Critical care rotations expose the housestaff to a breadth of common disease processes, such as sepsis and septic shock, respiratory failure, and life-threatening gastrointestinal bleeding. PGY3 residents gain clinical ICU experience in medical or cardiac care units during the 6-9 week rotation.

During the third year rotation, residents have the opportunity to work directly with cardiology attendings and fellows on the inpatient cardiology wards (Zoll rotation) and in the cardiac care unit (CCU) with a focus on management of patients with cardiovascular issues. The CCU is an 8 bed intensive care unit and one of the highest rated rotations for the notable teaching opportunities and complex physiology. Residents take overnight call every third night while in the CCU in a weekly staggered day-night schedule.

On this rotation, housestaff manage patients with end-stage liver disease under the guidance of an attending hepatologist. Residents care for undergoing evaluation for renal or liver transplant, or that have recently undergone transplantation. Residents also frequently perform diagnostic and therapeutic paracenteses on this service, with the Hepatology fellow overseeing all procedures.

Junior and Senior residents have 15-16 ambulatory practice weeks per year, during which they work in their continuity practice and attend ambulatory curriculum didactics in the morning.

The Sub-Intern Resident Service (SIRS) is a dedicated resident-sub-intern rotation on a general medical floor where residents have the opportunity to build upon their teaching skills while working closely with the supervising attending and the sub-interns. The Resident-Attending Service (RAS) is a dedicated one resident to one attending service, caring for general medical patients located off the geographic floors for the FIRM and SIRS teams. This rotation is a unique experience, affording the resident an opportunity to function autonomously and work directly with a supervising attending.

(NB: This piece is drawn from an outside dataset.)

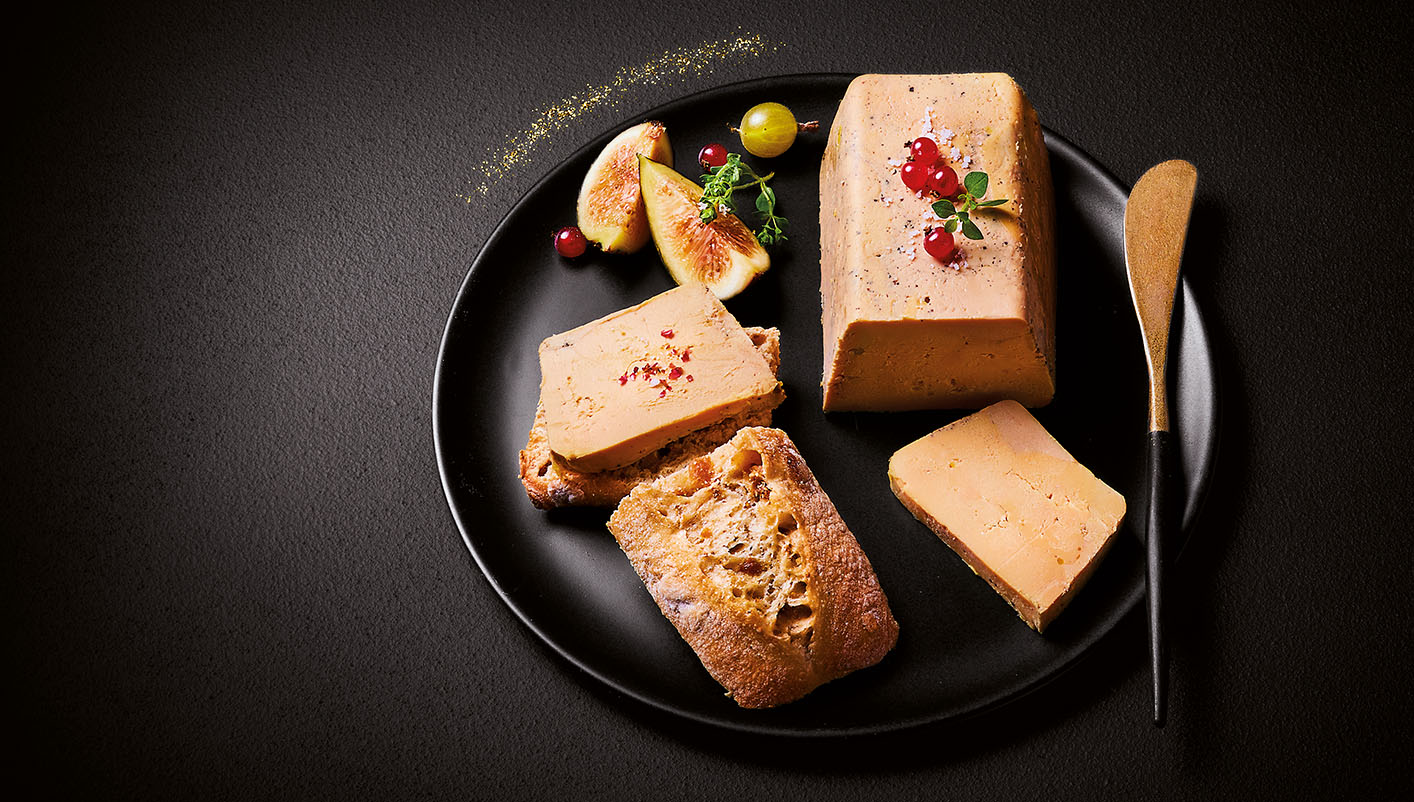 Foie gras de canard entier du Sud-Ouest à l'ancienne mi-cuit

Junior and Senior Residents have 1-3 week electives evenly spaced throughout the year in our ACES schedule. Elective options include traditional medicine specialties and clinical rotations outside of internal medicine. Almost half of each year is spent in a combination of ambulatory time, ambulatory electives, traditional electives and research opportunities. Area of Concentration, or AOC time, is also available to junior and senior residents interested in pursuing an independent project in basic science or clinical research, medical education, health policy, quality improvement, or hospital or primary care medicine.

Each year, a group of junior and senior residents travel to Mount Desert Island in Maine for a 1-week basic science immersion experience in comparative physiology. The goals of the course are to increase appreciation for physiology and enhance residents' routine incorporation of pathophysiology into their teaching and clinical roles on the general medical ward and ICU rotations.

The Botswana Medicine Resident Elective provides an opportunity for internal medicine residents to work in a resource-limited setting and provide medical care to a population challenged by ongoing HIV and TB epidemics as well as a rising burden of non-communicable diseases. The elective provides a valuable opportunity to develop participants’ teaching skills, gain clinician educator experience and contribute to longitudinal quality improvement efforts.